Bad query plan when you add many OR conditions

2020-01-09 Thread Marco Colli
Hello!

I have a query on a large table that is very fast (0s):
https://gist.github.com/collimarco/039412b4fe0dcf39955888f96eff29db#file-fast_query-txt

Basically the query matches the rows that have a tag1 OR tag2 OR tag3 OR
tag4 OR tag5...

However if you increase the number of OR at some point PostgreSQL makes the
bad decision to change its query plan! And the new plan makes the query
terribly slow:
https://gist.github.com/collimarco/039412b4fe0dcf39955888f96eff29db#file-slow_query-txt

Instead of this (which is fast):
  Bitmap Index Scan on index_subscriptions_on_project_id_and_tags
It starts using this (which is slow):
  Parallel Index Scan using index_subscriptions_on_project_id_and_created_at
The choice seems quite stupid since it doesn't have the tags on the new
index... and indeed the query takes about 1 minute instead of a few
milliseconds. Here's a list of the available indexes:
https://gist.github.com/collimarco/039412b4fe0dcf39955888f96eff29db#file-_indexes-txt

How can I encourage PostgreSQL to use the Bitmap Index Scan even when there
are many OR conditions?
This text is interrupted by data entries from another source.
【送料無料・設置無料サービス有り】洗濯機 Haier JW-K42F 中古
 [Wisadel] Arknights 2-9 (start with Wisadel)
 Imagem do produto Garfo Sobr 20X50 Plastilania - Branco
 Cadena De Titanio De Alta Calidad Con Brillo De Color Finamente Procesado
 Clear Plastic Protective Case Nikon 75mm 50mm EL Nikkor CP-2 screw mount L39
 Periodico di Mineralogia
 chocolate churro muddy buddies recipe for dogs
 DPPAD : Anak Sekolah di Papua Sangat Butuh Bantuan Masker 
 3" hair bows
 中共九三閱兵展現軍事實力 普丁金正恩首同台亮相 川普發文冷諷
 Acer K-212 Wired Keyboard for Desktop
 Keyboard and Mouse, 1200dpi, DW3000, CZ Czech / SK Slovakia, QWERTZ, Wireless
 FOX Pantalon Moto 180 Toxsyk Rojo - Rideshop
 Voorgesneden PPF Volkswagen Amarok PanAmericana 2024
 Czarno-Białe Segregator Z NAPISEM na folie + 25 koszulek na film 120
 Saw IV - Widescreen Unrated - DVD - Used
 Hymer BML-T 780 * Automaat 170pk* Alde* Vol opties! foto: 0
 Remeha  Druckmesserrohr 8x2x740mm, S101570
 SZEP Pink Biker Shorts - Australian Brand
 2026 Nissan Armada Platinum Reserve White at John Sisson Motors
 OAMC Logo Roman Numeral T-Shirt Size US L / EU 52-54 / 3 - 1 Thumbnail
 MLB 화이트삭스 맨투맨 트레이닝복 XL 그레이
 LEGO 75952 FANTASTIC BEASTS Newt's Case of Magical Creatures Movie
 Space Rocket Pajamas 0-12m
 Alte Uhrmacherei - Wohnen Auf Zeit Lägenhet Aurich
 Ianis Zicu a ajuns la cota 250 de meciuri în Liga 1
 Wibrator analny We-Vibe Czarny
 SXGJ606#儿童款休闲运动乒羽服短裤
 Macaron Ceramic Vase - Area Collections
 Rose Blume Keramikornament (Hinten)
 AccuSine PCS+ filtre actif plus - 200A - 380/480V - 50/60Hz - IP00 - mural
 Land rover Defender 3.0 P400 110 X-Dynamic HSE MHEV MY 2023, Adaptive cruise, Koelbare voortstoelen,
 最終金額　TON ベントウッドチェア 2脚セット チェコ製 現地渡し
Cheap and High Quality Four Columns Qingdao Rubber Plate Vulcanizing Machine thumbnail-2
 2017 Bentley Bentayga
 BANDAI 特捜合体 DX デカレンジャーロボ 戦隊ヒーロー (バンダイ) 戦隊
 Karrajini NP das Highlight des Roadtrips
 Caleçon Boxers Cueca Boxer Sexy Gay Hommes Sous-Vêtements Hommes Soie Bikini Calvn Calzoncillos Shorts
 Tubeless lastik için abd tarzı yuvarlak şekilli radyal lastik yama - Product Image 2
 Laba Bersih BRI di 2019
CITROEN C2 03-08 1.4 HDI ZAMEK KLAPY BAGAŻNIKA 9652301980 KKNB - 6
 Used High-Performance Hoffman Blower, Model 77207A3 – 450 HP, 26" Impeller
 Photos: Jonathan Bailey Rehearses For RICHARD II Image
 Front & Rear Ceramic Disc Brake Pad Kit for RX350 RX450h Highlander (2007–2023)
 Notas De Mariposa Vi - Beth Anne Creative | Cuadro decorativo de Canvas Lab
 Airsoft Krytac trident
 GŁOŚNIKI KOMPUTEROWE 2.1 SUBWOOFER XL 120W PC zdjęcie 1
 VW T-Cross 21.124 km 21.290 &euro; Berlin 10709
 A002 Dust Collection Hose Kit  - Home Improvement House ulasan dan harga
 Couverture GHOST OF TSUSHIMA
I have tried with VACUUM ANALYZE subscriptions but
it doesn't help.

Note: the query is generated dynamically by customers of a SaaS, so I don't
have full control on it


Thank you very much for any advice!
Marco Colli


Re: Bad query plan when you add many OR conditions

2020-01-09 Thread Justin Pryzby
On Fri, Jan 10, 2020 at 02:11:14AM +0100, Marco Colli wrote:
> I have a query on a large table that is very fast (0s):
> https://gist.github.com/collimarco/039412b4fe0dcf39955888f96eff29db#file-fast_query-txt

ORDER BY + LIMIT is a query which sometimes has issues, you can probably find
more by searching.  The planner thinks it'll hit the LIMIT pretty soon and only
run a fraction of the index scan - but then it turns out to be wrong.

You might have poor statistics on project_id and/or tags.  This *might* help:
ALTER TABLE subscriptions ALTER project_id SET STATISTICS 2000; ANALYZE 
subscriptions;

But I'm guessing there's correlation between the two, which the planner doesn't
know.  If you're running at least v10, I'm guessing it would help to CREATE
STATISTICS on those columns (and analyze).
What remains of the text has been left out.